Habeck schafft Voraussetzung für Enteignung von Energieunternehmen
Mit einer Novelle des Energiesicherungsgesetzes will Bundeswirtschaftsminister Robert Habeck (Grüne) Deutschland auf den Fall einer schweren Energiekrise vorbereiten. Das berichten die Zeitungen der Funke-Mediengruppe (Mittwochsausgaben). Der Gesetzentwurf sieht demnach unter anderem vor, dass das Bundeswirtschaftsministerium im Krisenfall Unternehmen, die kritische Energie-Infrastruktur betreiben, unter treuhänderische Verwaltung stellen oder im Extremfall sogar enteignen kann.

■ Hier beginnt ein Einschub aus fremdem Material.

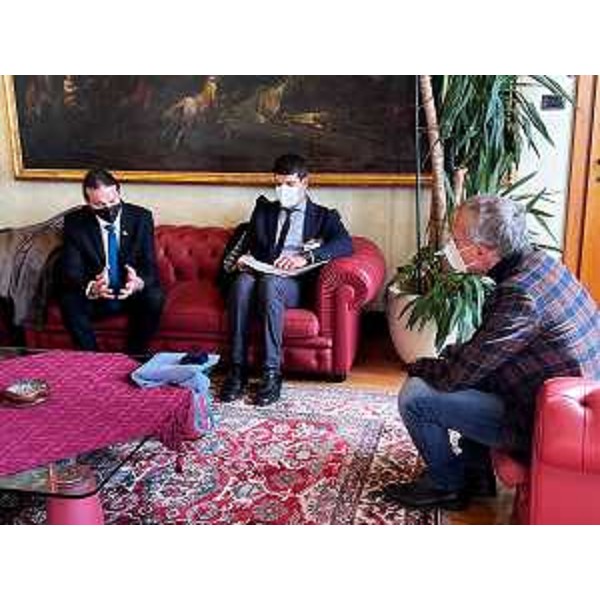 Un momento dell'incontro tra il presidente del Cr Fvg, Piero Mauro Zanin, e il vice ambasciatore di Israele, Alon Simhayoff - Un momento dell'incontro tra il presidente del Cr Fvg, Piero Mauro Zanin, e il vice ambasciatore di Israele, Alon Simhayoff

Die treuhänderische Verwaltung kann durch das Ministerium angeordnet werden, „wenn die konkrete Gefahr besteht, dass ohne eine Treuhandverwaltung das Unternehmen seine dem Funktionieren des Gemeinwesens im Sektor Energie dienenden Aufgaben nicht erfüllen wird und eine Beeinträchtigung der Versorgungssicherheit droht“, heißt es im Gesetzentwurf.
Das Ministerium soll dies für sechs Monate entscheiden können, eine mögliche Verlängerung um weitere sechs Monate ist vorgesehen. Eine Enteignung soll möglich sein, wenn eine Treuhandverwaltung nicht ausreicht, um die Versorgungssicherheit zu garantieren. Diese Option sei allerdings die „ultima ratio“, heißt es in der Begründung des Gesetzentwurfs.
„In Fällen, in denen eine Treuhandverwaltung oder ein anderes milderes Mittel, wie ein alternativer Erwerb nicht geeignet erscheinen, kann eine Enteignung auch unmittelbar erfolgen“, heißt es in der Formulierungshilfe. Auch könne eine Enteignung erfolgen, wenn die Treuhandverwaltung ihren Zweck nur erfüllen könnte, wenn sie auf Dauer angelegt wäre.
Weitere Regulierungen im Krisenfall
Zur Vorbereitung auf den möglichen Fall eines Gas-Lieferstopps aus Russland will das Ministerium eine digitale Plattform einführen, auf der sich große Industrieunternehmen und Gashändler registrieren müssen. Auf Grundlage ihrer Daten soll im Ernstfall entschieden werden, wo Gas eingespart werden kann, und Abschaltungen sollen auch digital umgesetzt werden.
Im „Interesse der Versorgungssicherheit“ soll es im Krisenfall zudem schwieriger werden, Energieverträge zu kündigen. Energieversorgungsunternehmen, die ihre Kunden kündigen wollen, weil diese in wirtschaftlichen Schwierigkeiten sind oder gar insolvent, müssten sich das nach der Novelle von der Bundesnetzagentur genehmigen lassen. Auch eine Stilllegung von Gasspeicheranlagen soll dem Entwurf zufolge künftig unter Vorbehalt durch die Bundesnetzagentur stehen.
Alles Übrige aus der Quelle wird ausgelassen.